Work to be completed | Starting with the first line and ending with the line that holds "Ingredientes de bocadillo", repeat the material exactly.

Data section |
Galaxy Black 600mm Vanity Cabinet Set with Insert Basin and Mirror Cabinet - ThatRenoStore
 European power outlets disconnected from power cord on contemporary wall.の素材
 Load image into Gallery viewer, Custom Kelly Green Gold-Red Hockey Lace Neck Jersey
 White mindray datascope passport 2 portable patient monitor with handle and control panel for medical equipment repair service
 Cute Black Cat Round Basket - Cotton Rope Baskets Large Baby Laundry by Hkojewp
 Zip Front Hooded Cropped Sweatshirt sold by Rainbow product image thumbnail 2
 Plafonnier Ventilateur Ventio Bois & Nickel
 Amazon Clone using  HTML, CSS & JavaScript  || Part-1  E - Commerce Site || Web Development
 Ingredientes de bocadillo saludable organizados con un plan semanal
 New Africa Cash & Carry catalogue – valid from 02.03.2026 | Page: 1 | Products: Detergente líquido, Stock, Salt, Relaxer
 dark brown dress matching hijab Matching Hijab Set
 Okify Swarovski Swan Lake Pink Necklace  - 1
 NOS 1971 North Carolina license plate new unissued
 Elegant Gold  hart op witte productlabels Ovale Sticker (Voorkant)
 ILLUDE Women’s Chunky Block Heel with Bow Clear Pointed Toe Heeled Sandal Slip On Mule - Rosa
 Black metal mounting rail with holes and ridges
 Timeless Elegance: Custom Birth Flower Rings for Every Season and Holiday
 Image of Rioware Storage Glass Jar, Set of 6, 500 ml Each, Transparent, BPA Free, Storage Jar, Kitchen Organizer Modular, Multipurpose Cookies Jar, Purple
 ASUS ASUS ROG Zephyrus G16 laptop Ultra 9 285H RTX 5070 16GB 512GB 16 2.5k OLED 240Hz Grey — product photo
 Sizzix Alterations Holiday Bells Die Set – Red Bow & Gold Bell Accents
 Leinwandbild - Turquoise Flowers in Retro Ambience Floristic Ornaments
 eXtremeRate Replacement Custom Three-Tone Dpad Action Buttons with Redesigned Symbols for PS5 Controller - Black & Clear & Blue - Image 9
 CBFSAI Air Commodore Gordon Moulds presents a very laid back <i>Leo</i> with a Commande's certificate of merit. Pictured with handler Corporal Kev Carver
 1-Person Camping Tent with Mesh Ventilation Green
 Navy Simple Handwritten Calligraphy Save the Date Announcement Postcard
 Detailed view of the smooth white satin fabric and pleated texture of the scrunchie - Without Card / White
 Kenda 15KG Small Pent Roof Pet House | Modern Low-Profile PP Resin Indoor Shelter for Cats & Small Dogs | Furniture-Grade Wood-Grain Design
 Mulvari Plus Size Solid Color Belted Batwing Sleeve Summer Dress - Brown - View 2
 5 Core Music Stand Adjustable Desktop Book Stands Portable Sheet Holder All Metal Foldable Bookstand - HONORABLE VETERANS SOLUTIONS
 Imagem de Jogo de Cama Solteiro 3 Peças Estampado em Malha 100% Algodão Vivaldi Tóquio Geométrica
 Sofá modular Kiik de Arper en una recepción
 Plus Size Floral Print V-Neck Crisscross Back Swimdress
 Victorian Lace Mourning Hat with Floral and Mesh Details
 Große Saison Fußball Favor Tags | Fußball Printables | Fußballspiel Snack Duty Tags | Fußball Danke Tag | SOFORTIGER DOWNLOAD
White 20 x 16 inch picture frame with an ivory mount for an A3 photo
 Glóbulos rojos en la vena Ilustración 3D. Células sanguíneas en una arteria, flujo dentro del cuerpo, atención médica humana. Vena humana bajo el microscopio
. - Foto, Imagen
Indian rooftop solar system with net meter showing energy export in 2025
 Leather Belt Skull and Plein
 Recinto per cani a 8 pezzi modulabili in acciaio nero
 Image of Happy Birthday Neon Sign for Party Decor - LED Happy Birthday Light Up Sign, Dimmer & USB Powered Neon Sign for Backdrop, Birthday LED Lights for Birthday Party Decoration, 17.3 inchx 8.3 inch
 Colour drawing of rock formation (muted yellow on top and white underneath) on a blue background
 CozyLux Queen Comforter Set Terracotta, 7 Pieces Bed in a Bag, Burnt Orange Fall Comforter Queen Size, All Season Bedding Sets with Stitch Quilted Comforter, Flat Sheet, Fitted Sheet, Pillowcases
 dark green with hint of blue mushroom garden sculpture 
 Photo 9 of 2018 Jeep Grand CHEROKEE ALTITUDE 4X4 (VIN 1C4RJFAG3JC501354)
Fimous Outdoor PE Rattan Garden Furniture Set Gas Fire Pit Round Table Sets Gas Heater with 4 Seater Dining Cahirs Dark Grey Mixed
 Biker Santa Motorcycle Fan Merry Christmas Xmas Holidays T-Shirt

Answer for the task |
Galaxy Black 600mm Vanity Cabinet Set with Insert Basin and Mirror Cabinet - ThatRenoStore
 European power outlets disconnected from power cord on contemporary wall.の素材
 Load image into Gallery viewer, Custom Kelly Green Gold-Red Hockey Lace Neck Jersey
 White mindray datascope passport 2 portable patient monitor with handle and control panel for medical equipment repair service
 Cute Black Cat Round Basket - Cotton Rope Baskets Large Baby Laundry by Hkojewp
 Zip Front Hooded Cropped Sweatshirt sold by Rainbow product image thumbnail 2
 Plafonnier Ventilateur Ventio Bois & Nickel
 Amazon Clone using  HTML, CSS & JavaScript  || Part-1  E - Commerce Site || Web Development
 Ingredientes de bocadillo saludable organizados con un plan semanal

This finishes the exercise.